# What the task requires
Every line of the data below that holds the string "Eine" needs to be reported.

# Recorded data
══════════

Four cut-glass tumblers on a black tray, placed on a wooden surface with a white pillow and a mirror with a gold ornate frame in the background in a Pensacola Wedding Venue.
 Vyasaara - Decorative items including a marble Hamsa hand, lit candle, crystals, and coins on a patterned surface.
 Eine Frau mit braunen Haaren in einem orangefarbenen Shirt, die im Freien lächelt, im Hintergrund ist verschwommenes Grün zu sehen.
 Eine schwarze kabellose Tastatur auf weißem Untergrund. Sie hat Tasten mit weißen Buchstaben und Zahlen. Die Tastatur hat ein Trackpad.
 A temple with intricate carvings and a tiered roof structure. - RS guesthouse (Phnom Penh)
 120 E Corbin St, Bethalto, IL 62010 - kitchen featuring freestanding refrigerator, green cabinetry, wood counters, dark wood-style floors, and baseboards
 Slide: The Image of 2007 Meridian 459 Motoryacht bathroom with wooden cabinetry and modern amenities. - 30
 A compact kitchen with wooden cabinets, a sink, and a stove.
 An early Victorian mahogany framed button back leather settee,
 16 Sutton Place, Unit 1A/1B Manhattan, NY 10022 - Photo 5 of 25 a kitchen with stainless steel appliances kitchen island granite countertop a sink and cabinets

══════════

# Problem solution
 Eine Frau mit braunen Haaren in einem orangefarbenen Shirt, die im Freien lächelt, im Hintergrund ist verschwommenes Grün zu sehen.
 Eine schwarze kabellose Tastatur auf weißem Untergrund. Sie hat Tasten mit weißen Buchstaben und Zahlen. Die Tastatur hat ein Trackpad.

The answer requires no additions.